Tajudeen,RIP,-but the thing is that you live on."

- Orton Kiishweko, Dar es Salaam

"Oh what, a blow! He was such a refined intellect, who spent his life working for Africa. I first met Dr Tajudeen as a Freshman at University, during our study circles where he was invited to give a speech on African Unity, with focus on the Congo Crisis. At that time, the Rwandan troops and Uganda troops were bombarding each other in Kisangani, with Prof Wamba dia Wamba held up in a small hotel being defended by Ugandan troops, while Zimbabwean and Angolan troops were dug in a few kilometers accross the Mighty Inga Dam and lined all the way up to Kinshasha, proping up the fragile DRC's Kabila regime. The Great Lakes Region was at War and Africa at a brink of collapse. He made such a motivating speech about the 'senselliness' of the war, droping a line about revolutionary ideology here and the vagaries of war there and a pint of humor combined with old African sayings here, that left all of us after the session inspired and proud to be Africans.
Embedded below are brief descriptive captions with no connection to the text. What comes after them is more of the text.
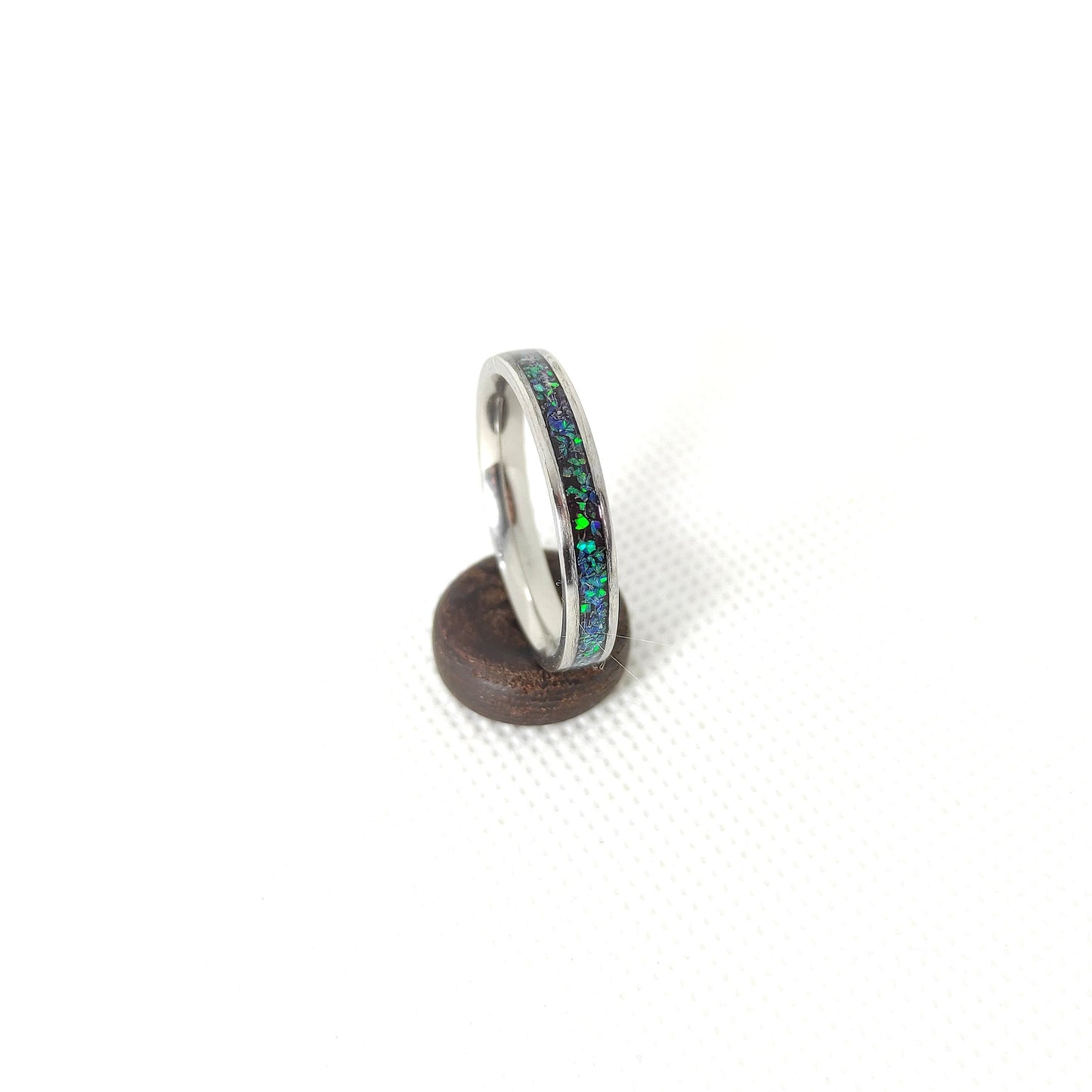 Green Sapphire Opal Ring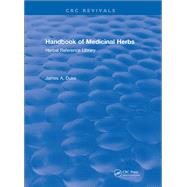 Handbook of Medicinal Herbs by James A. Duke, 9781351081122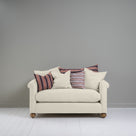  Dolittle 2 Seater Sofa in Laidback Linen Dove With Cushions - NiX 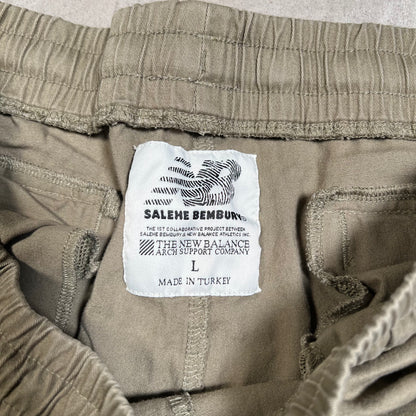 New Balance Salehe Yurt Green Pants Size Large USED x17693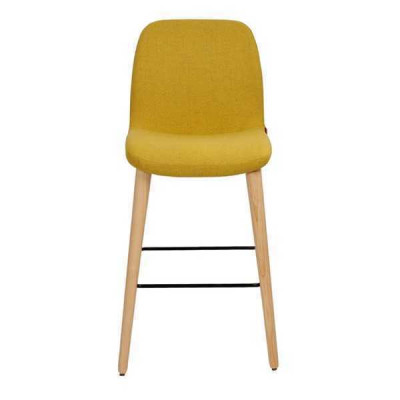 Jídelní židle Luxus žluté židle židle design židle nábytek dřevěná židle nová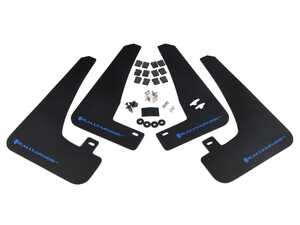 ES#4623515 - MF102-UR-BLK/BL - Rally Armor 2022 Tesla Model X Black UR Mud Flap W/ Blue Logo - Rally Armor - 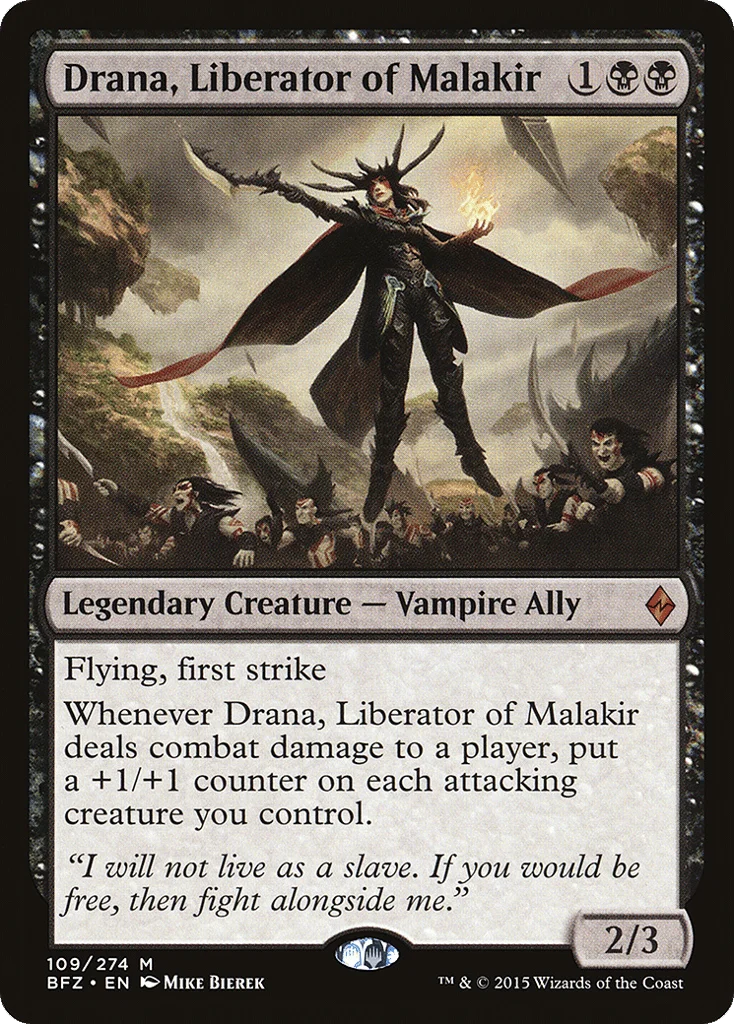 Drana, Liberator of Malakir · Battle for Zendikar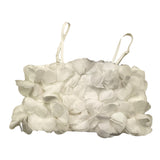 Fun & Fun Top Bretelline Tinta Unita Ocn Applicazioni Bianco per Bambina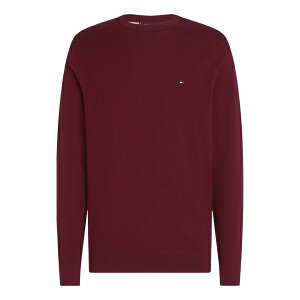 �g�~�[ �q���t�B�K�[ �����Y �j�b�g&�Z�[�^�[ �A�E�^�[ Essential Cotton Crew Neck Pullover sweater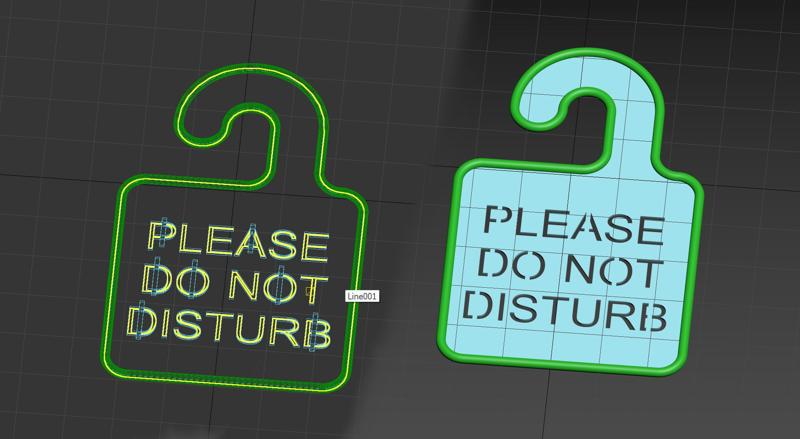 DO NOT DISTURB Sign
"The last time, I met him was at the White Sands Hotel, during again another regional conference on Peace and Conflict Resolution in Africa. He was the chair and the conference brought together people like the Frenchman Gerard Prunnier and others who had distinguished themselves in tracing and understanding the root causes of the conflicts in the region. The focus of this was the Conflict in Darfur. Dr Tajudeen, painfully left his Pan African Movement Office in Kampala to take up another position as coordinator for the Millenium Development Goals (MDGs) - Another noble cause for a noble. Since then, he was a regular guest speaker at Straight talk Africa, where I always listened to his analyses with Admiration.

"It is sad that he has died at a time when there is great debate in regards to whether the rich countries have done enough to ensure poor countries meet the targets of the MDGS. I am not sure what he was doing in Nairobi, but I will not be surprised if it was yet, another meeting for an African Cause! We will miss him, we can only seek solace in the victorian saying:

"'When strong men die, it is only their bodies that die. Their spirit lives on for many years long before they are gone.' Dr Tajudeen was a strong man, his body is dead but his spirit will leave on. My condolences go to the Widow and the Children-May God bless them."

- Moses Kulaba, Dar es Salaam

1 comments:

Brilliant May 27, 2009 at 3:55 AM  

What a sad loss!! Africa mourns!! I first met Dr Tajudeen in 1997 when I was part of the young and exuberant group of Pan Africanists; School of African Awareness, a group from Bulawayo, Zimbabwe. He gave a moving public lecture at the Bulawayo Art Gallery. Dr Tajudeen Abdul-Rahim was a fine scholar of notable attributes. No doubt a fantastic intellectual. A marvel to listen to whenever he spoke. I recall that in my last communication with him, his was a message of encouragement on the need for more knowledge for the good cause of Africa. Indeed, an Academic and intellectual soldier for the African cause has been lost. This is the greatest form of robbery by death! Dr Tajudeen's contributions will be greatly missed.
My condolences to the family. RIP dear brother!